Showing papers by "Pablo E. Visconti published in 1999"

Regulation of human sperm capacitation by a cholesterol efflux-stimulated signal transduction pathway leading to protein kinase A-mediated up-regulation of protein tyrosine phosphorylation

Abstract: Protein tyrosine phosphorylation is an important intracellular event accompanying the in-vitro capacitation of mouse, bovine and human spermatozoa. Here, we demonstrate that bovine serum albumin (BSA) and NaHCO(3) are required for protein tyrosine phosphorylation in ejaculated human spermatozoa. The absence of protein tyrosine phosphorylation in media minus these two constituents could be recovered by addition to the media of cAMP analogues and/or phosphodiesterase inhibitors. Since BSA is postulated to modulate capacitation by removal of cholesterol from the sperm plasma membrane, we determined whether cholesterol release leads to changes in protein tyrosine phosphorylation.

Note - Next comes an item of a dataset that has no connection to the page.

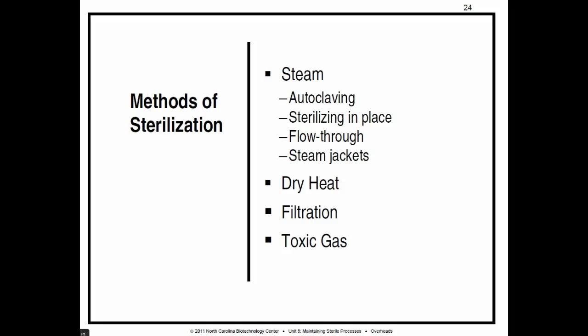Alright everybody, we're on unit 8, page 43. We're going to talk about methods of sterilization. Steam, dry heat, filtration, and toxic gas are the four big categories.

Incubation of spermatozoa in media containing BSA resulted in the release of significant amounts of cholesterol when compared with media devoid of BSA. Preloading BSA with cholesterol-SO(4) inhibited protein tyrosine phosphorylation, as well as capacitation, and this inhibitory effect was overcome by the addition of dibutyryl cAMP plus isobutylmethylxanthine (IBMX). The functional significance of BSA-mediated cholesterol release, protein tyrosine phosphorylation and capacitation was confirmed by examining the effects of the cholesterol-binding heptasaccharides, methyl-beta-cyclodextrin or OH-propyl-beta-cyclodextrin. Both cyclodextrins caused cholesterol efflux from the spermatozoa, increased protein tyrosine phosphorylation, and stimulated capacitation. Therefore, cholesterol release is associated with the activation of a signal transduction pathway involving protein kinase A and tyrosine kinase second messenger systems, and resulting in protein tyrosine phosphorylation and capacitation.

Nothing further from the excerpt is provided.